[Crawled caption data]
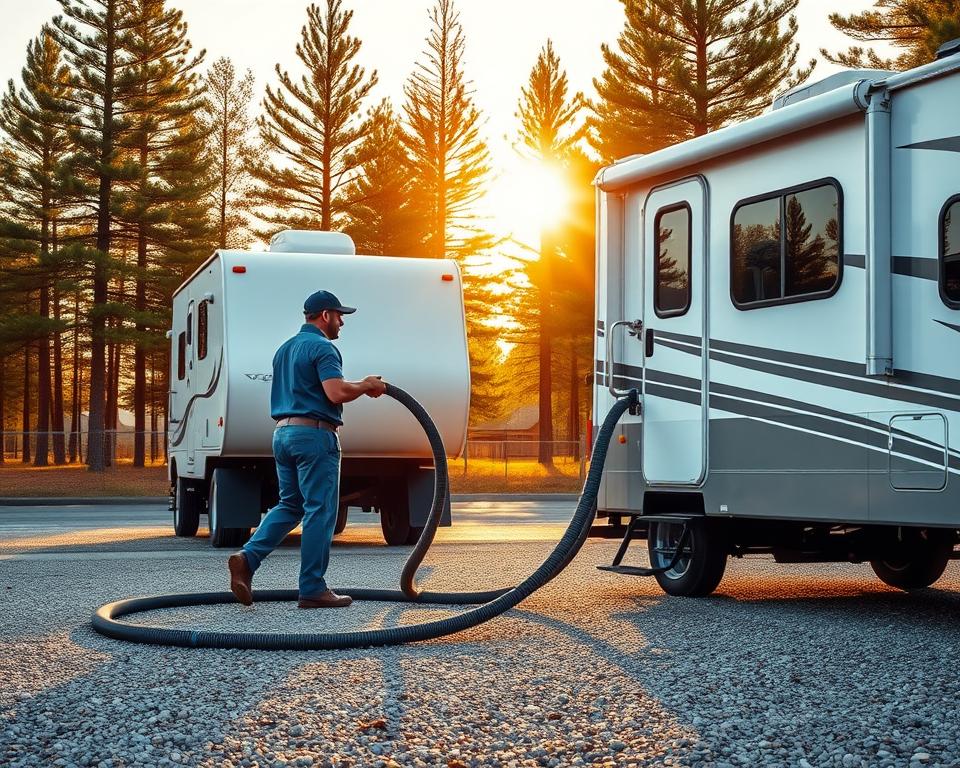 ﻿Reading Reviews for Garage Door Repair Services Near Me in Orange Park Acres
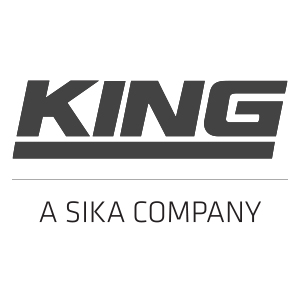 King Packaged Materials Company Shares Personnel Updates for August 2019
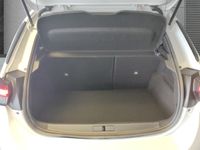 Opel Corsa - Vorschau Bild 5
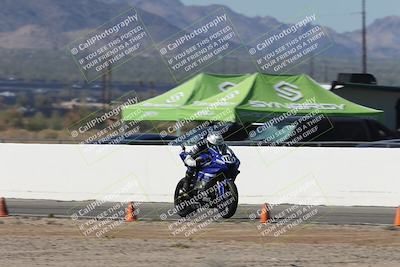 media/Oct-05-2025-CVMA (Sun) [[beeef4f201]]/Race 2-Supersport Middleweight/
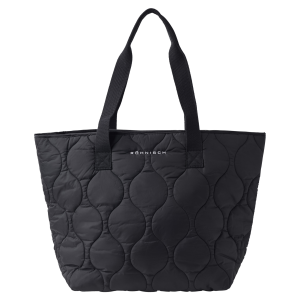 Totebag Quilt v:2655799 Totebag Quilt v:2655799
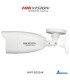 Caméra bullet Hikvision 1080p ECO, objectif 2.8 mm - HWT-B220-M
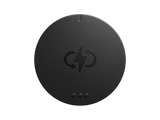 Alfombrilla inalámbrica para mouse Logitech POWERPLAY 2 con carga por inducción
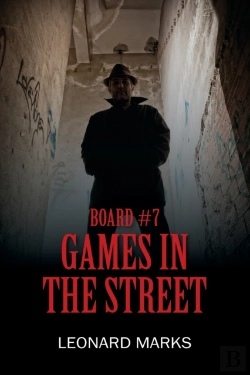 Bertrand.pt - Board #7: Games In The Street
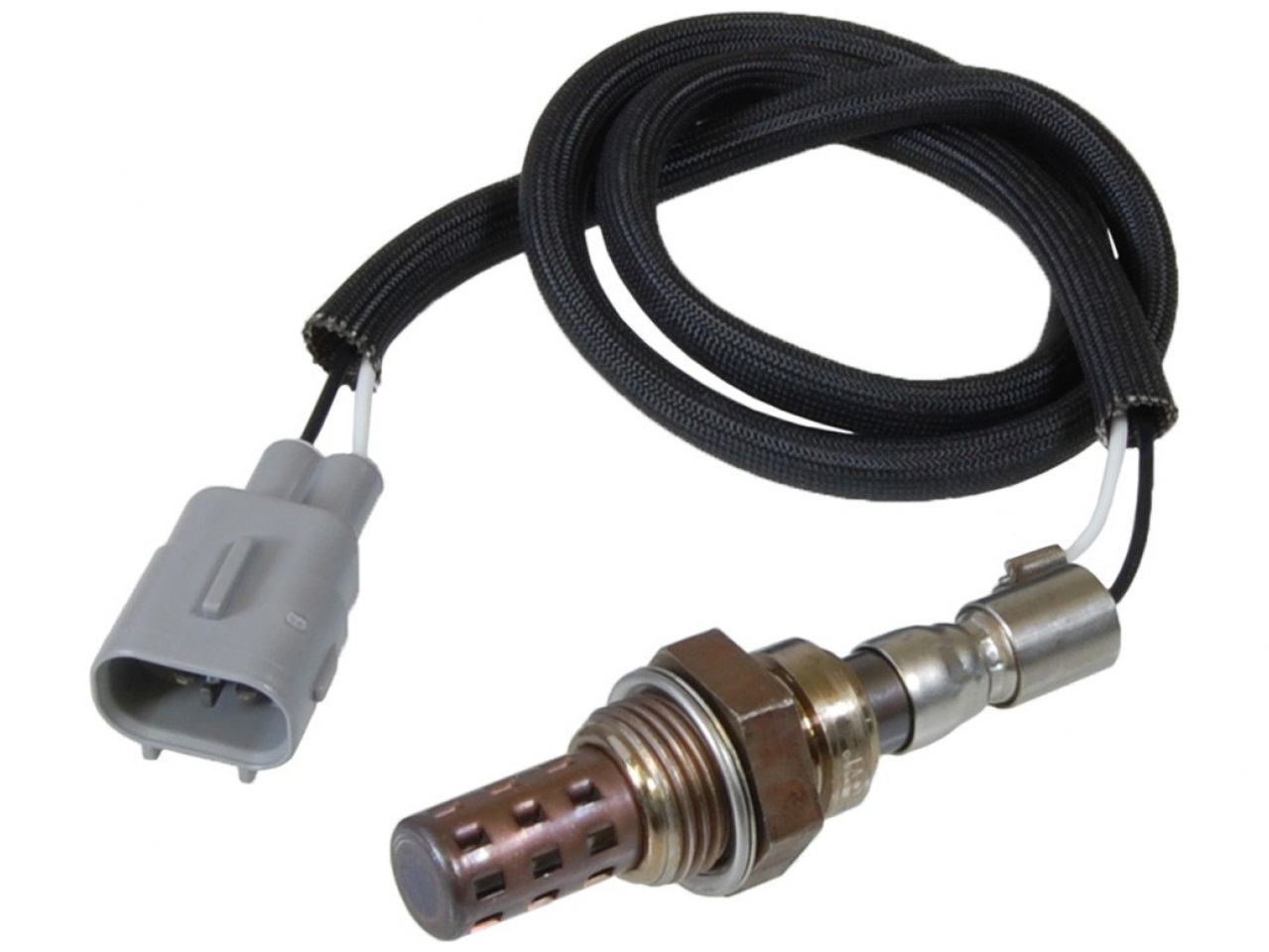 Walker Oxygen Sensor 250 22008 Item Image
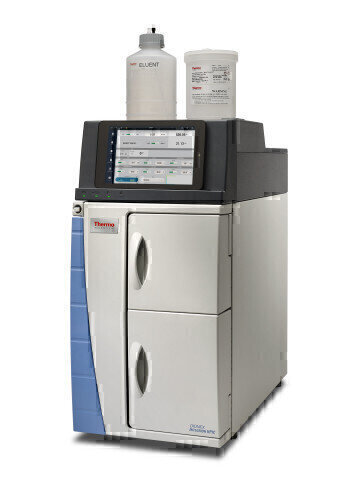 Configurable HPIC Provides Flexibility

> _What is expected_
Exact reproduction of the entries above is required, with pictures excluded.

> _Task answer_
 ﻿Reading Reviews for Garage Door Repair Services Near Me in Orange Park Acres
 King Packaged Materials Company Shares Personnel Updates for August 2019
 Opel Corsa - Vorschau Bild 5
 media/Oct-05-2025-CVMA (Sun) [[beeef4f201]]/Race 2-Supersport Middleweight/
 Totebag Quilt v:2655799 Totebag Quilt v:2655799
 Caméra bullet Hikvision 1080p ECO, objectif 2.8 mm - HWT-B220-M
 Alfombrilla inalámbrica para mouse Logitech POWERPLAY 2 con carga por inducción
 Bertrand.pt - Board #7: Games In The Street
 Walker Oxygen Sensor 250 22008 Item Image
 Configurable HPIC Provides Flexibility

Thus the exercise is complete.